Ritual. Black cat. Good conversation. Cemetery.

January 11th, 2014, 3pm

The Cementerio de Montjuic is probably one of my favorite places in Barcelona. I’ve been struggling to articulate exactly why without sounding morbid and here’s my best attempt:

It’s beautiful, immaculately well kept, enormous and almost always completely deserted.

Every time I’ve been there it’s been a peaceful, memorable experience and the conversation has always been particularly good. In a place where death, most often avoided, is placed at the forefront of one’s mind conversation naturally shifts beyond the trivial. The top part of the cemetery is an endless maze of corridors, coffins placed into niches, each one piled on top of the other. The bottom part consists of fantastic mausoleums, each one more grandiose than the next, each a transparent attempt at some measure of immortality.

Last Sunday I went with Alex, who appears in the picture with the first of six black cats we encountered. Its appearance coincided with a discussion about religion and the importance of ritual.

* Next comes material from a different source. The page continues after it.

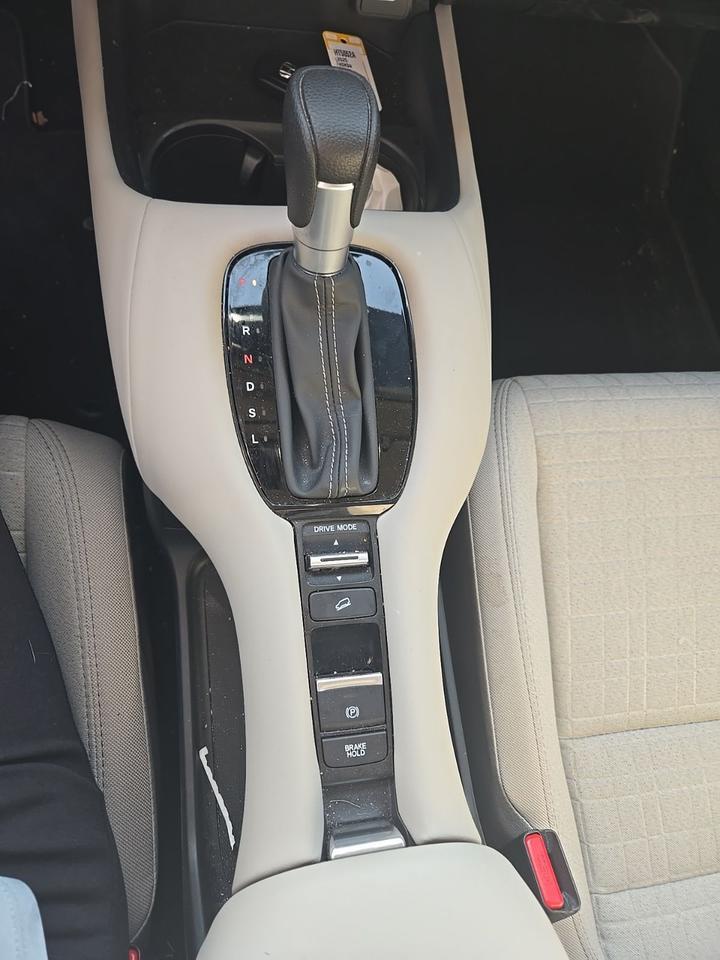 2025 Honda HR-V LX West Burlington IA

As a Catholic turned atheist I’ve spent the last few years making dismissive comments about religion and reacting to its persistence with a naive sense of bafflement. As of late, though no more religious, I’ve begun to appreciate some elements of religion. Ritual, for instance.

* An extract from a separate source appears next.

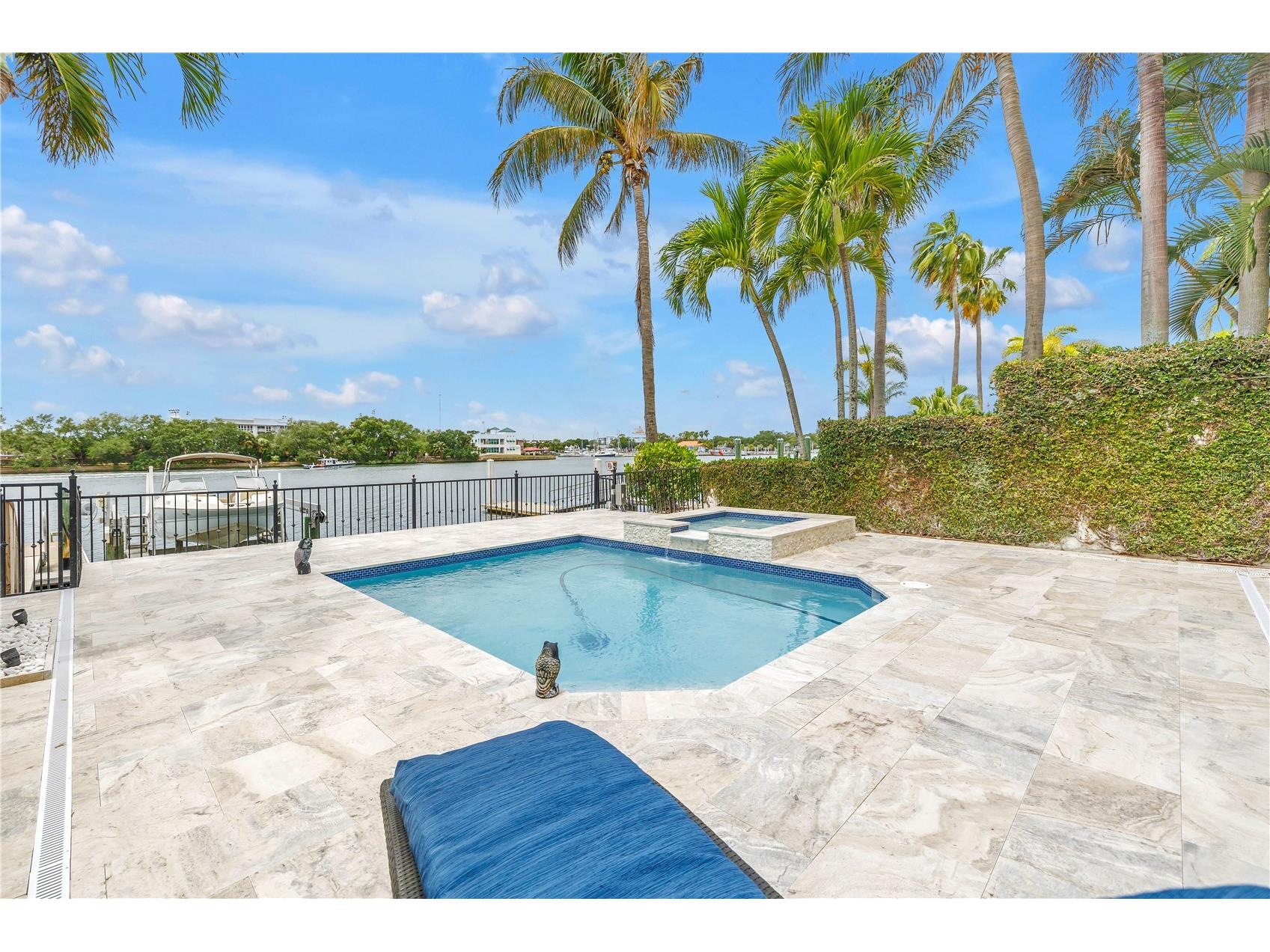 1133 Abbeys Way Tampa FL 33602 TB8503083 image68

Ritual comes in the form of worship, of festivals, of milestones. Rituals help to mark the passage of time, to give form to abstract existence and to remind people of the things that are important. I’ve been dwelling a lot on that last bit recently: as an atheist how do I remind myself of the things that are important, of the things I know but sometimes in a day to day sense forget? Having a physical library that takes up room in my life, that contains titles that can be seized, flipped through, that has spines with titles that when glanced at remind me of what I love is one way, perhaps. I’m not sure about the others, though I’ve started to wonder if visiting the cemetery is becoming one of mine.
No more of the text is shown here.